Would slavery have ended sooner if the British had defeated the Colonists' bid for independence?


Platypus Review #109 | September 2018

This article previously appeared in Op-Ed News, Portside, and Black Agenda Report . This essay is from a chapter, “the Hidden History of the American Revolution”, in MythAmerica, a book Keith is writing.

“I would never have drawn my sword in the cause of America, if I could have conceived that thereby I was founding a land of slavery.”

– Marquis de Lafayette, French military leader who was instrumental in enlisting French support for the colonists in the American War of Independence.

HISTORIANS HAVE LONG GRAPPLED with the contradiction of a revolution under the banner of “all men are created equal” being largely led by slave owners. Once free of England, the U.S. grew over the next 89 years to be the largest slave-owning republic in history.

But the July 4th, 1776 Declaration of Independence (DI) was in-itself a revolutionary document. Never before in history had people asserted the right of revolution – not just to overthrow a specific government that no longer met the needs of the people, but as a general principle for the relationship between the rulers and the ruled: “We hold these truths to be self-evident, that all men are created equal, that they are endowed by their creator with certain unalienable rights, that among these are Life, Liberty, and the pursuit of happiness. That to secure these rights, governments are instituted among Men, deriving their just powers from the consent of the governed. – That whenever any Form of Government becomes destructive of these ends, it is the Right of the People to alter or abolish it, and to institute new Government…”

And yes, “all men are created equal” excluded women, black people, and the indigenous populations of the continent, and was written by slave-owner Thomas Jefferson with all his personal hypocrisies. But the words themselves have been used many times since to challenge racism and other forms of domination and inequality. Both the 1789 French Revolution and the 1804 Haitian revolution – the only successful slave revolt in human history – drew inspiration from this clarion call. In 1829 black abolitionist David Walker threw the words of the DI back in the face of the slave republic: “See your declarations Americans!!! Do you understand your own language?” The 1848 Seneca Falls women’s rights convention issued a Declaration of Sentiments proclaiming that “We hold these truths to be self-evident that all men and women are created equal.” Vietnam used these very words in declaring independence from France in 1946. And as ML King stated in his 1963 “I have a Dream…” speech, it was “A promise that all men, yes, black men as well as white men, would be guaranteed the unalienable rights of life, liberty, and the pursuit of happiness.”

“See your declarations Americans!!! Do you understand your own language?”

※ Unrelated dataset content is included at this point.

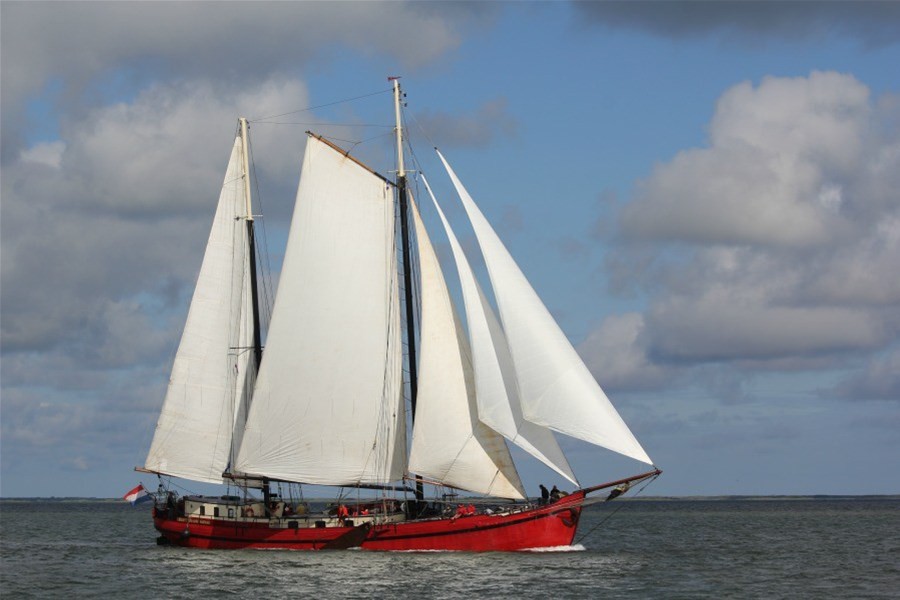 Detailbild von Mare Marieke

Americans are taught to see the birth of our country as a gift to the world, even when its original defects are acknowledged. The DI along with the Constitution are pillars of American exceptionalism – the belief that the U.S. is superior and unique from all others, holding the promise of an “Asylum for the persecuted lovers of civil and religious liberty” in the words of Thomas Paine in Common Sense. Historian Gary Nash has made a case that upon winning independence, the conditions for at least the gradual abolition of slavery throughout the 13 colonies were present but lacked political leadership. “One of the lessons of history is that in cases where a fundamental change has been accomplished against heavy odds, inspired leadership has been critically important,” and “Washington, Jefferson, and Madison were strategically positioned to take the lead on the slavery issue. All three professed a hatred of slavery and a fervent desire to see it ended in their own time.”1

For all their lofty rhetoric, none of them lifted a finger to bring that about. Perhaps though a different question might be asked: what if the British had won, had defeated the colonists’ bid to break from the mother country? Is it possible that the cause of freedom and the ideals of the DI would have been paradoxically better served by that outcome?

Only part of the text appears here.